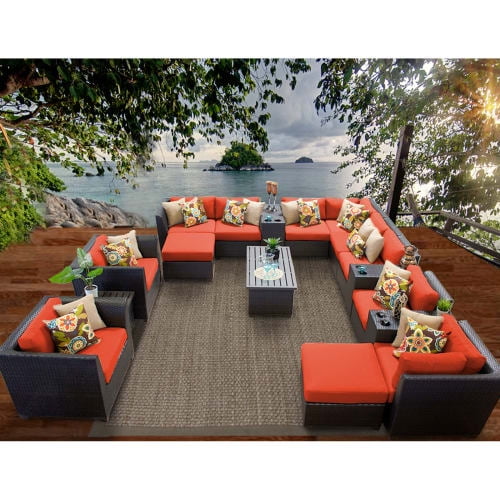 TK Classics Barbados Wicker 17 Piece Patio Conversation Set with Ottoman with 2 Sets of... by TK Classics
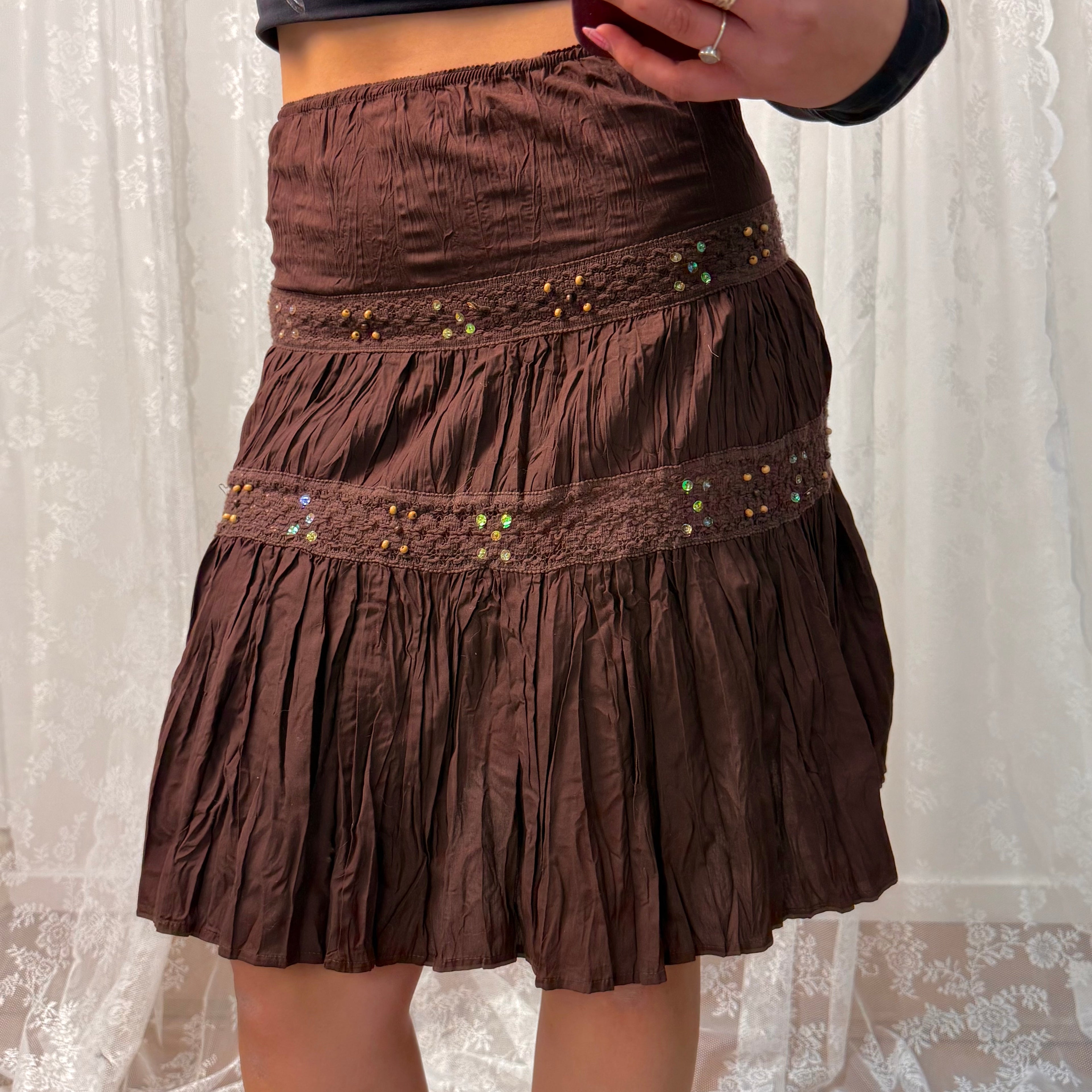 Brown sequin and beaded midi skirt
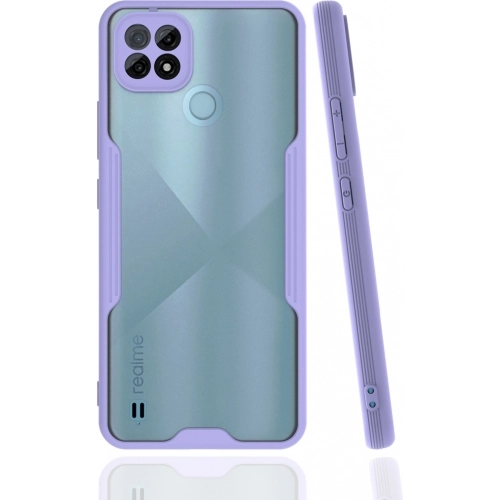 Realme C21 Kılıf Renkli Silikon Kamera Lens Korumalı Şeffaf Parfe Kapak - Lila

● What is expected: If the listing above includes images, copy every line of it exactly except those images.

● Exercise output:
 TK Classics Barbados Wicker 17 Piece Patio Conversation Set with Ottoman with 2 Sets of... by TK Classics
 Brown sequin and beaded midi skirt
 Realme C21 Kılıf Renkli Silikon Kamera Lens Korumalı Şeffaf Parfe Kapak - Lila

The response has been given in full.